▶

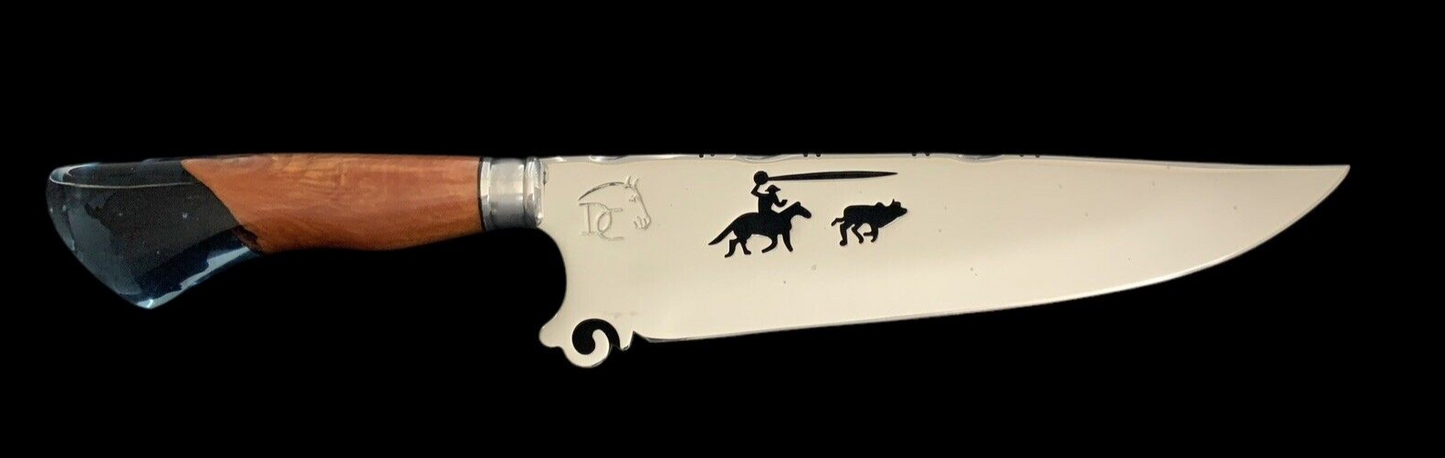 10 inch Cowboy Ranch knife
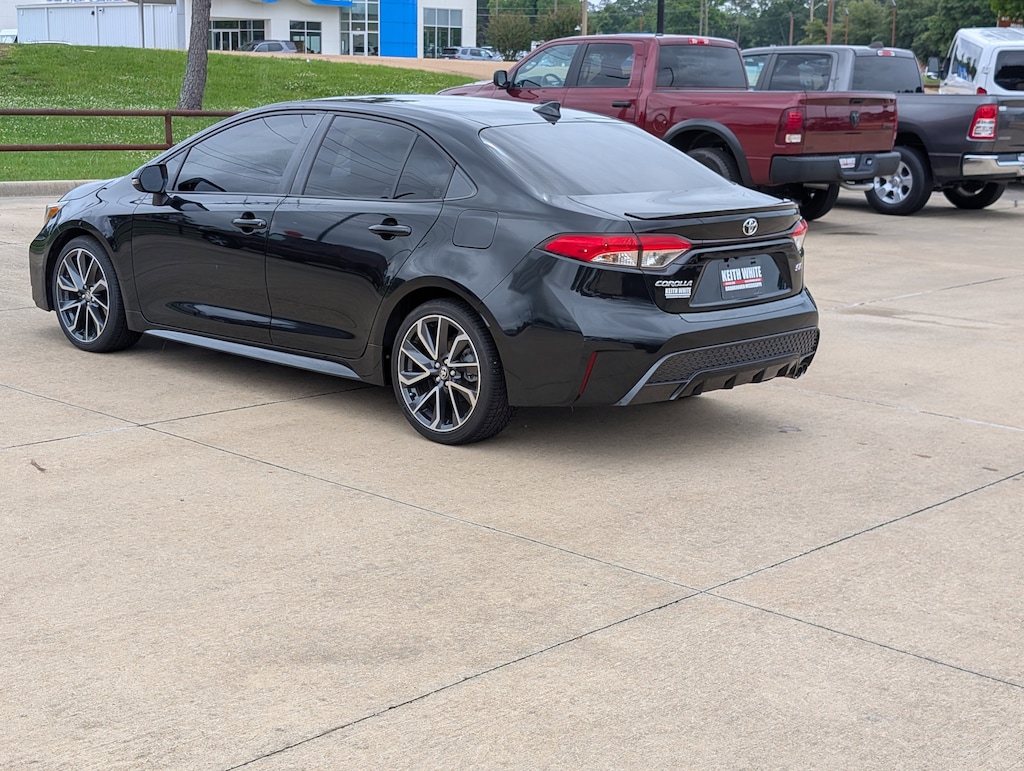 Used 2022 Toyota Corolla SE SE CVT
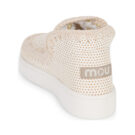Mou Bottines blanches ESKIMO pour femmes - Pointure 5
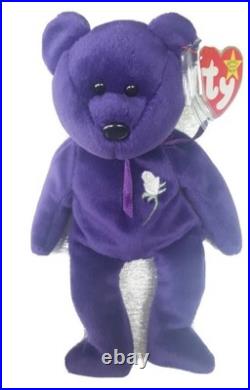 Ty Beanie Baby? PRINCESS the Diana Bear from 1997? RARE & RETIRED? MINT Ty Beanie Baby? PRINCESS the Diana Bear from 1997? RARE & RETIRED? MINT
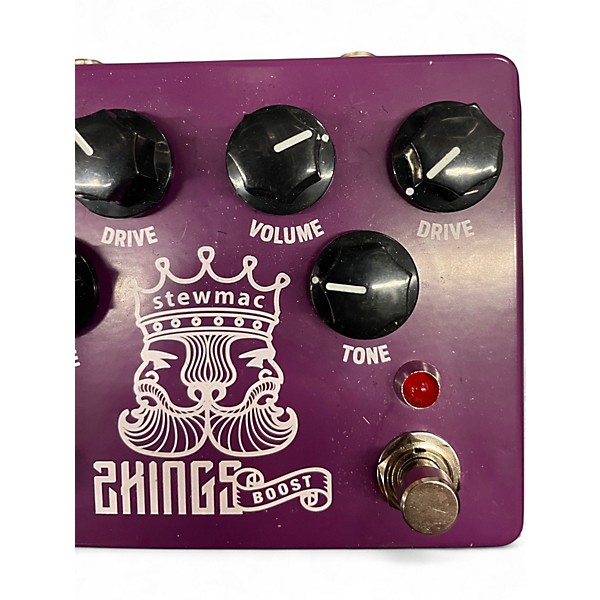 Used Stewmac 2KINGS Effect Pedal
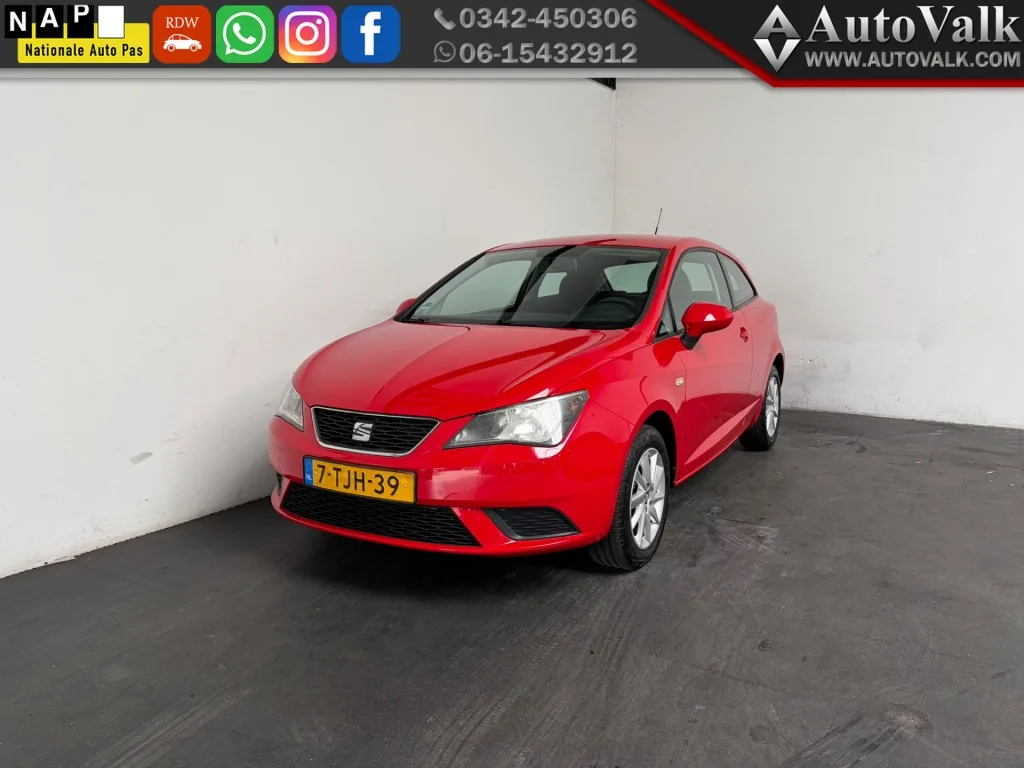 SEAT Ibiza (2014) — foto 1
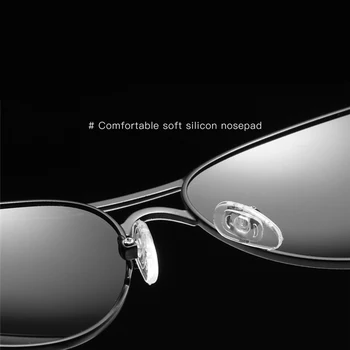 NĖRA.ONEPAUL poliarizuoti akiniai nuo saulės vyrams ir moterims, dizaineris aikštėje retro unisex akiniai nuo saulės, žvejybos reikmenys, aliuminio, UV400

◀

= Your assignment =
Your reply should hold every line above exactly as written and none of the pictures.

= Task result =
 10 inch Cowboy Ranch knife
 Used 2022 Toyota Corolla SE SE CVT
Mou Bottines blanches ESKIMO pour femmes - Pointure 5
 Ty Beanie Baby? PRINCESS the Diana Bear from 1997? RARE & RETIRED? MINT Ty Beanie Baby? PRINCESS the Diana Bear from 1997? RARE & RETIRED? MINT
 Used Stewmac 2KINGS Effect Pedal
 SEAT Ibiza (2014) — foto 1
 NĖRA.ONEPAUL poliarizuoti akiniai nuo saulės vyrams ir moterims, dizaineris aikštėje retro unisex akiniai nuo saulės, žvejybos reikmenys, aliuminio, UV400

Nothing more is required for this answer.